Une conspiration complexe[1]

Les derniers mois de Ramsès III se révèlent sombres et ternis par une grande conspiration touchant de nombreux dignitaires parmi les plus puissants et influents du pays. L’affaire demeure complexe et difficile à démêler et les subtilités des textes égyptiens n’autorisent pas une interprétation définitive de cet événement qui marquera les premiers mois du règne de Ramsès IV.

 

Les sources[2]

Plusieurs textes égyptiens abordent cette conspiration dite du Harem ; nous reviendrons plus loin sur cette appellation. Le papyrus judiciaire de Turin constitue le principal document. Il manque la première page du papyrus contenant sans aucun doute de précieuses informations. Il est rédigé en hiératique, l’écriture quotidienne des scribes et de l’administration. La finalité exacte du papyrus n’est pas connue. Était-il affiché publiquement à Médinet Habou ? Éventualité possible mais impossible à confirmer. De même qualité, pour son écriture soignée et la taille des « lettres », le papyrus Harris I se compare à une chronique du règne de Ramsès III, une sorte de res gestae. Comme le note Vernus, le papyrus Harris I se veut un document sacré, avec l’insertion de signes hiéroglyphiques, écriture sacrée par définition. Le papyrus Rifaud F est un document méconnu et d’interprétation difficile (dixit Yan Koenig[3]). Il s’apparente aux grands papyrus judiciaires de la XXe dynastie. Malheureusement fragmentaire et dégradé, il manque de larges sections du texte, empêchant une compréhension générale du document. Il ne date pas de Ramsès III mais sans doute de Ramsès IV[4].

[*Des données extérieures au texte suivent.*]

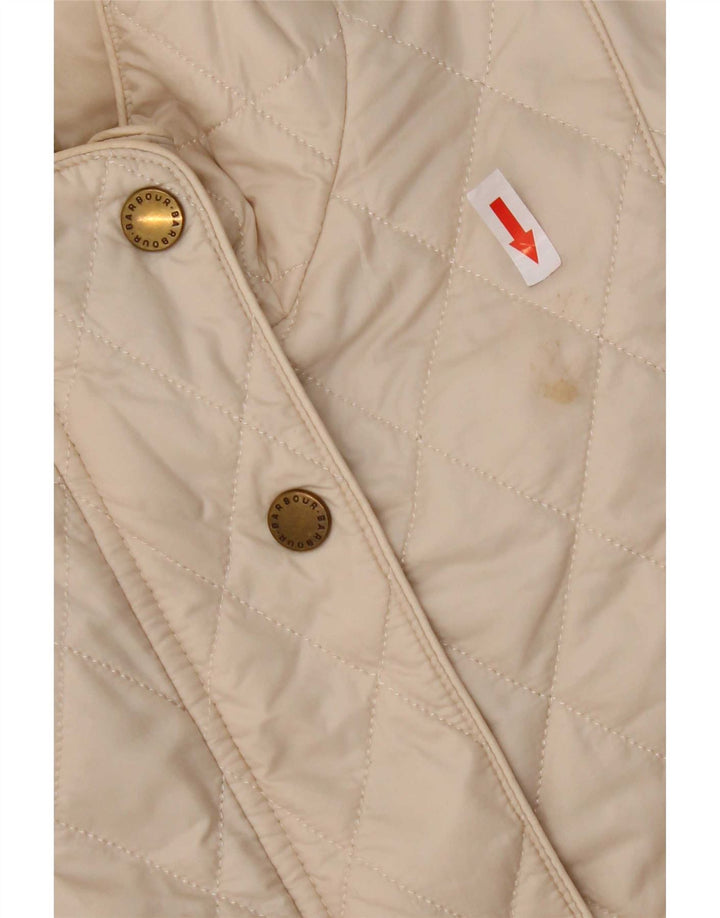 Γυναικείο καπιτονέ μπουφάν Barbour UK 14 Μεγάλο Μπεζ νάιλον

Le papyrus de Varzy daterait de la XXe dynastie et peut-être du règne de Ramsès III. Ce papyrus se résume à quatre lignes. Longtemps, il était désigné comme ayant une référence à la conspiration du harem, mais les récentes études le classent désormais dans la catégorie « papyrus judiciaire »[5]. Les papyrus Lee et Rollin constituent un unique document.

 

Aux origines de la conspiration et son déroulement

Si aujourd’hui on admet que la conspiration ne visait pas spécifiquement le souverain mais plutôt le prince héritier, le futur Ramsès IV, durant longtemps, et encore maintenant, on écrit que le complot visait Ramsès III. L’égyptologue Breasted écrivait en 1906 : «  Il est clair que la conspiration visait le roi… »[6]. Cependant, l’état fragmentaire des documents ne permet pas clairement de trancher la question.

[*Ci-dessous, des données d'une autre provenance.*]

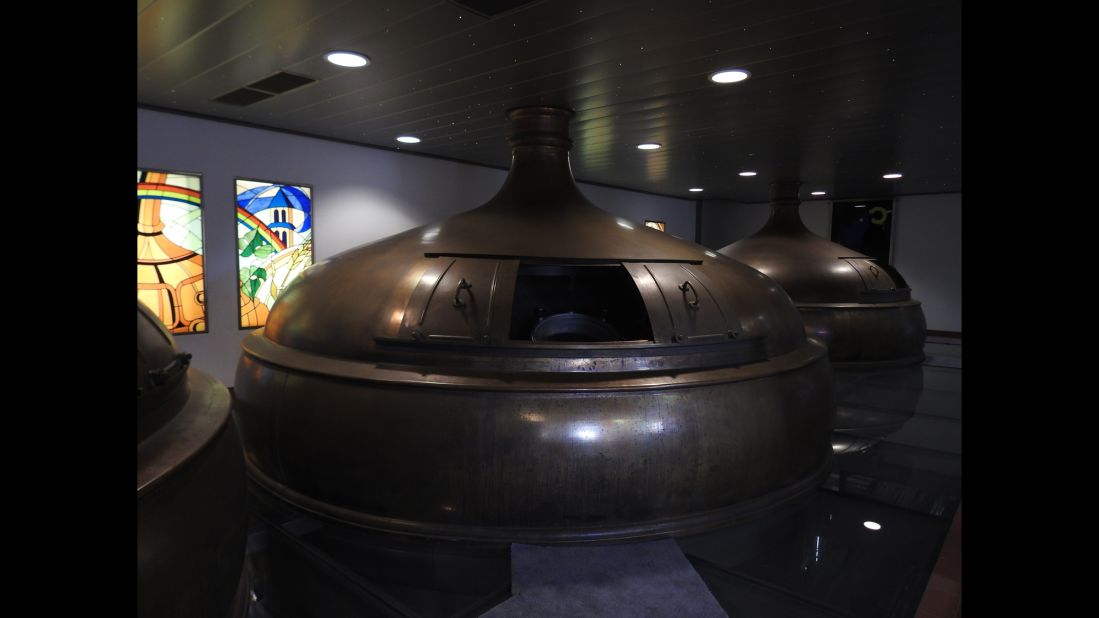 The newly installed fermentation vats are in constant use to produce 22 million bottles of beer a year.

Plantons le décor du drame : une reine nommée Tiyi complote pour pouvoir imposer son fils sur le trône, Pentaour[7]. Avec d’autres hauts dignitaires, elle mena la conjuration. Le complot naquit sans doute au sein du harem, peut-être sur l’initiative de la reine. Au fur et à mesure, d’autres femmes, membres de leurs familles et des responsables du harem se joignirent à l’action. Puis les ramifications s’étendirent à la cour, chez quelques officiers de l’armée, en province. On oublie souvent un élément important de la conjuration : la sorcellerie. Sa maîtrise constituait un gage de réussite, en utilisant les écrits, les potions et figurines. La magie protégeait le roi, donc il fallait en user à son tour pour briser la protection magique du souverain.

Nous ne savons pas précisément si Ramsès III mourut de mort naturelle ou du complot. La commission d’enquête date-t-elle réellement de Ramsès III ou plutôt de Ramsès IV ? Cette dernière hypothèse n’est pas à écarter car l’acharnement de Ramsès IV envers les conjurateurs pourrait nous inciter à la croire. Mais les épreuves et l’âge de Ramsès III ont pu suffire à faire trépasser le roi[8].

 

Une répression méthodique ?

Plusieurs dizaines de personnes furent mises en cause et condamnées. Comme pour signifier la répression, le mépris du pouvoir pour les comploteurs et leur privation de toute vie dans l’au-delà, les conspirateurs reçurent un nouveau nom ayant un sens péjoratif. Les Égyptiens allèrent jusqu’à nier le statut de certains accusés. Pour se faire, on invoqua Phrê[9].

Cependant, ce complot provoque une « pudeur » dans les propos rapportés par les différentes sources connues. En maniant la langue de bois, on parle de la volonté d’action contre le roi sans le dire précisément. Car finalement, comment porter atteinte à celui que l’on ne peut pas contester[10] ? Le papyrus de Turin compare les accusés aux abominations du pays.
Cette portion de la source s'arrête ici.